Their full scores in Life and livelihood, Science and Technology, Physical and Mental Health, Religion and Arts and Culture will be determined on the basis of class performance.
For students of class XI and XII, 30 percent of the marks in all their subjects will be given based on class performance and the remaining 70 percent will be calculated based on their performance in public exams.
Background to new curriculum
The livelihood of people is changing rapidly due to the impact of fourth industrial revolution. The two-third of the traditional professions will be abolished by 2030 while 65 percent of students who are now at primary level do not know what their future jobs will be.
Examining the curriculum of 102 countries, it was found that 51 countries have already revised their education curriculum.
The Organisation for Economic Co-operation and Development (OECD) launched the Future of Education and Skills 2030 project in 2016 for its 37 members and its associate countries for helping countries prepare their education systems for the future.
OECD accepted and recommended the transferable skills and skill-based curriculum.

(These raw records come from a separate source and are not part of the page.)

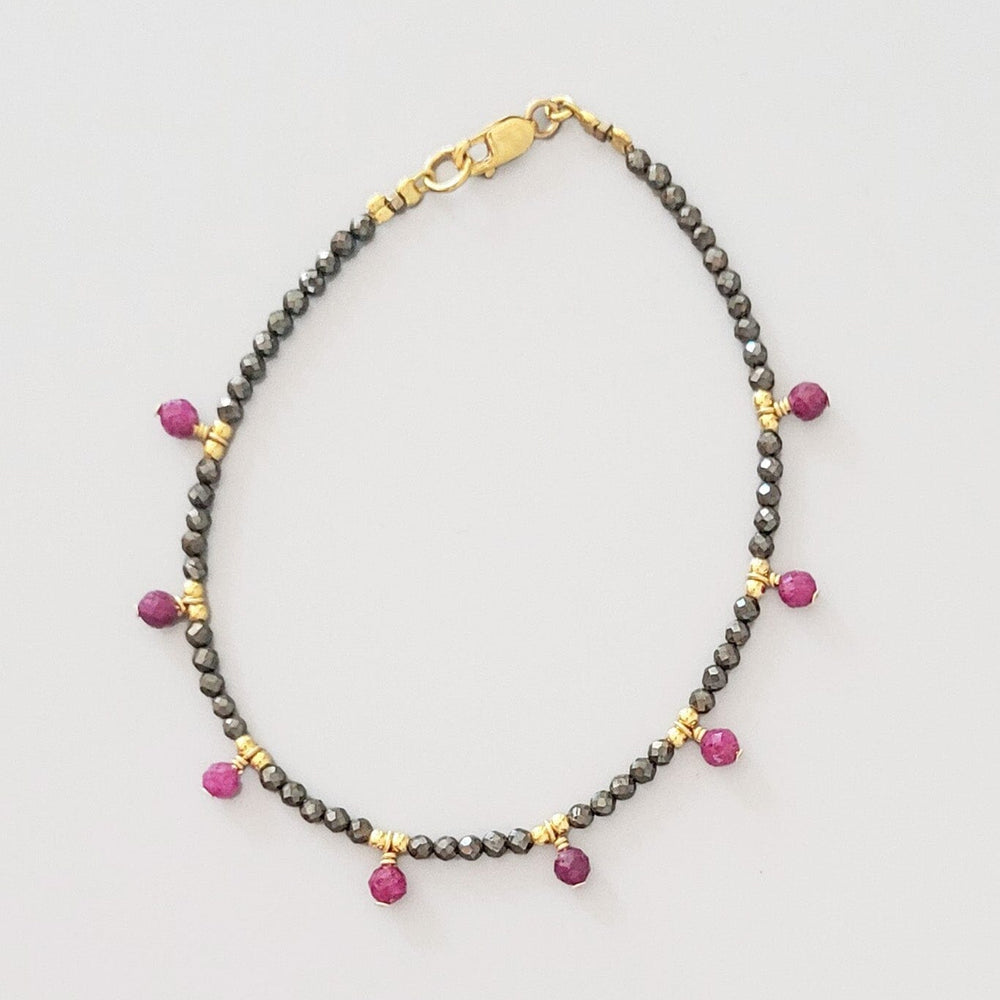 Bracelet with ruby and gray pyrite faceted beads on a light gray background
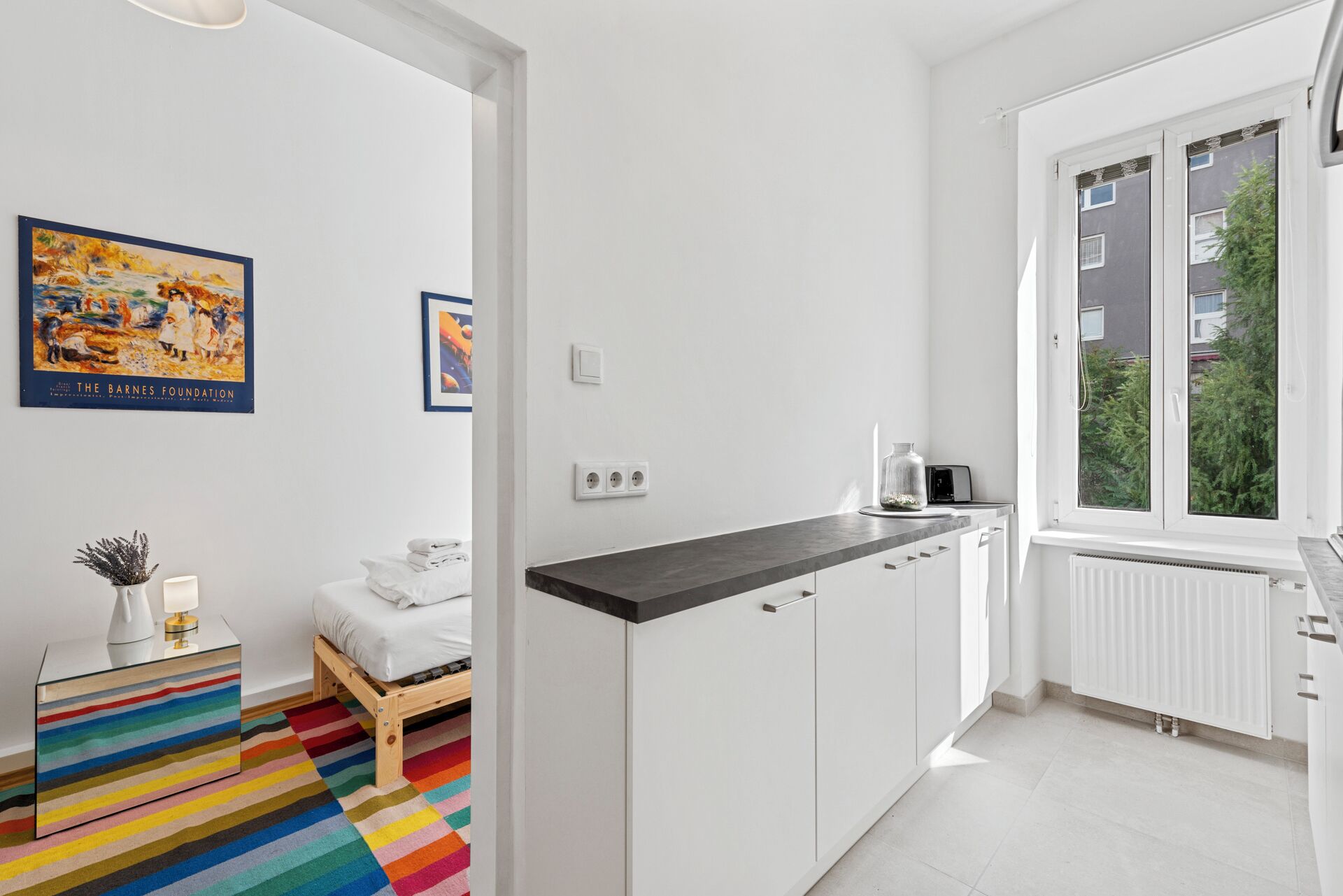 Een moderne keuken met witte kasten, een zwart aanrecht en een raam met uitzicht op groen. In de aangrenzende kamer staat een bed met een vloerkleed met regenboogstrepen.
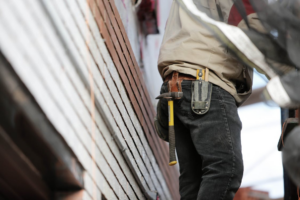 Construction worker installing metal roofing panels with tools on a residential structure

Following the concept, in south Asia Sri Lank, Bhutan and India also revised their curriculum while the process is underway in other countries.
The NCTB started the process of revising the current curriculum in 2018 while the education curriculum was last revised in 2012.
NCTB Chairman Prof Md Farhadul Islam told The Business Post that the structure of the existing curriculum was introduced in 1960s giving priority to the rural economy when 80 percent people lived at villages.
“But the scenario has undergone a massive change and that is why we formulated the curriculum considering the current livelihood of the country.”
He said the country could not take benefits from the 1st, 2nd and 3rd industrial revolutions and it is now going to take the benefit of the fourth industrial revolution, otherwise it will lag behind.
Prof Farhad also said training would have to be ensured for all teachers before the start of the new curriculum, he added.
The aim of the new curriculum is creating a joyful learning environment for students reducing burden of subjects and load of textbooks, putting emphasis on deep learning, prioritizing experiential and action-based learning instead of memorization-based education.
Importance was also given to imparting education through sports and creative activities and reducing homework through ending lessons of the day in the classroom.
The new curriculum will emphasize competency rather than theoretical knowledge and that is why the ministry has set 10 main competencies that a student will achieve after grade XII.
The competencies are: student’s ability to communicate, collaborate, express themselves, honour other people’s opinions, think critically, solve problems, learn languages, communication, mathematics and reasoning, science and technology, the ICT, environment and climate and values and morality.
About the new curriculum, Education Minister Dr Dipu Moni at a recent programme said the role of teachers will not be limited to classrooms as they’ll also work as facilitators and guides. Learning will be enjoyable as per the new curriculum. There will be no fear of examinations and the curriculum will be based on experience.
She also said: “We do not want students to go through the pressure of education. We want to give students education amid fanfare, replace the memorization-based system with experiment and activity-based education.”